Teena Carroll is an Associate Professor of mathematics at Emory & Henry College in Southwest Virginia. She received her PhD from Georgia Institute of Technology in 2008. Her research interests are combinatorics of partially ordered sets, graph theory, and Egyptian fractions. She has taught mathematical topics at an academic summer camp and JUMP Math at a project-based community school.
Richard Ilson is an Instructor in the Department of Computer Science and Quantitative Methods at Winthrop University. Previously he was a Lecturer in the Department of Computer Science at UNC Charlotte for fifteen years, where he was responsible for the discrete math course. He has bachelor and master degrees from MIT, and is an alumnus of Bronx Science, and Hampshire College Summer Studies in Mathematics. He enjoys working with children, having homeschooled his own and helped lead a math club for elementary school students in the Charlotte area.
Paul Zeitz is Professor of Mathematics at University of San Francisco. He was a member of the first US team to the International Math Olympiad, and coached several US teams. He wrote The Art and Craft of Problem Solving in 1999, and produced a 12-hour video course for the Teaching Company in 2009 with the same title. Prof.
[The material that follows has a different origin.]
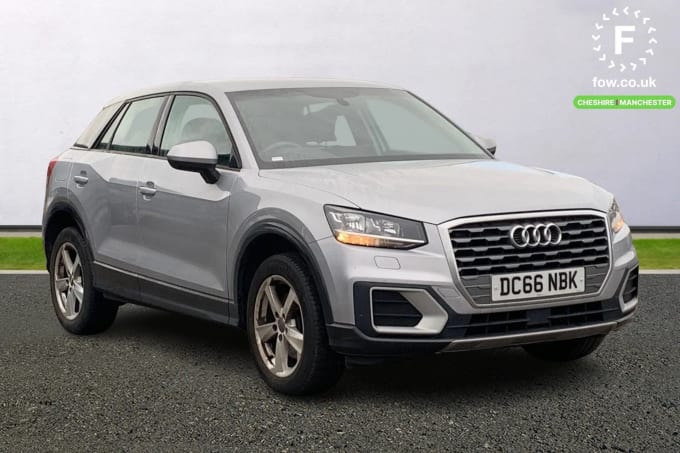 2016 Audi Q2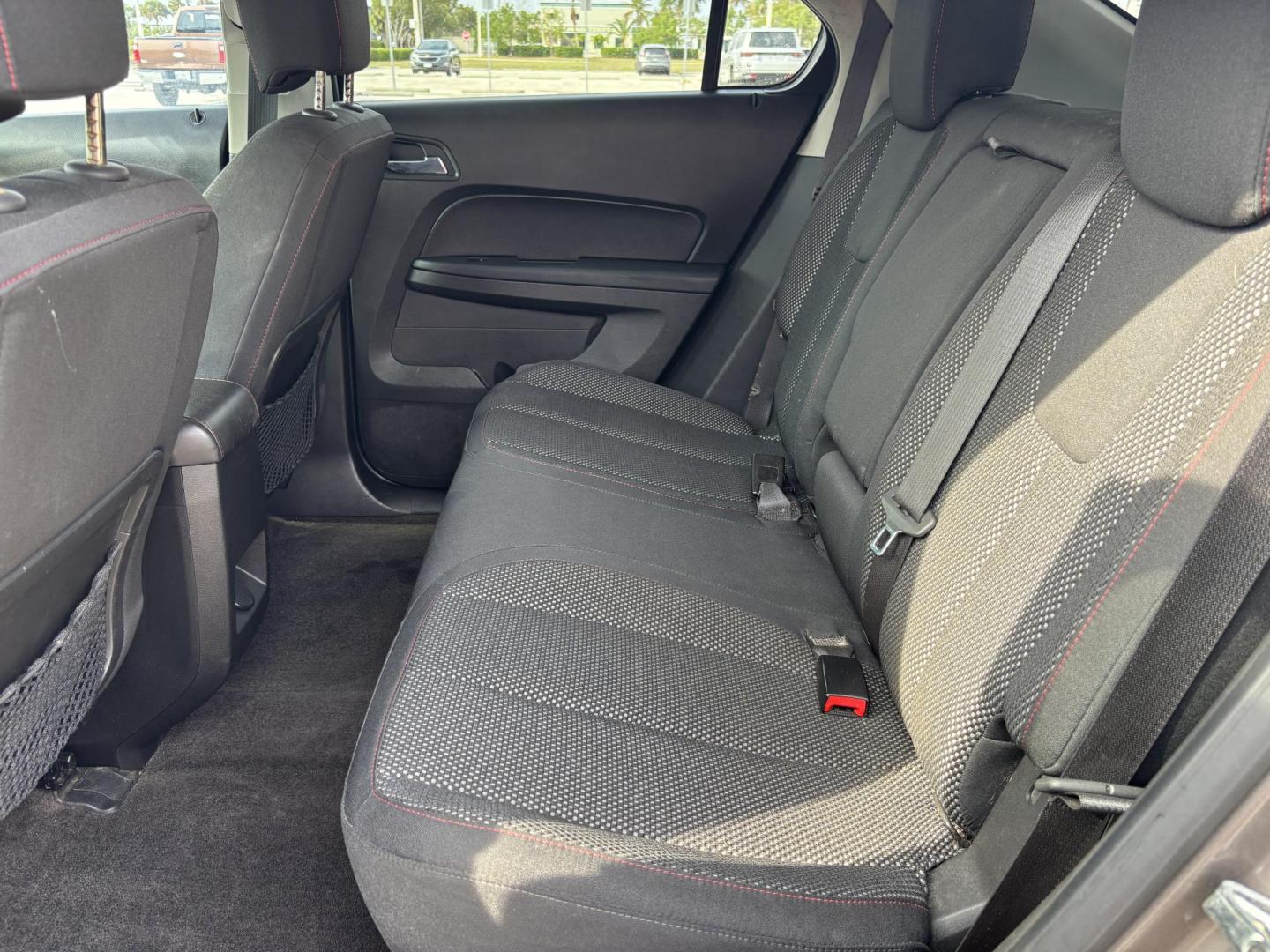 2011 BROWN /BLACK Chevrolet Equinox 1LT 2WD (2CNALDEC4B6) with an 2.4L L4 DOHC 16V engine, 6-Speed Automatic transmission, located at 11170 Summerlin Square Dr., Fort Myers Beach, FL, 33931, (239) 999-7777, 26.493546, -81.941628 - Photo#17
Zeitz is the co-founder of Proof School in San Francisco, the nation's first full-fledged secondary school for "kids who love math."
Arthur Benjamin, Harvey Mudd College, recipient of Mathematics Association of America's Haimo Prize for Distinguished University Teaching, is also a professional magician, and frequently performs at the Magic Castle in Hollywood. He is the author of several books, and five DVD courses from The Great Courses series, including "The Joy of Mathematics", "The Mathematics of Games and Puzzles", and "The Secrets of Mental Math", "Discrete Math" and "Math and Magic". He has demonstrated and explained his calculating talents to audiences all over the world and has appeared on numerous television and radio programs, His TED talks have been viewed over 20 million times. In 2017, he was given the Communications Award for Public Outreach by the Joint Policy Board for Mathematics.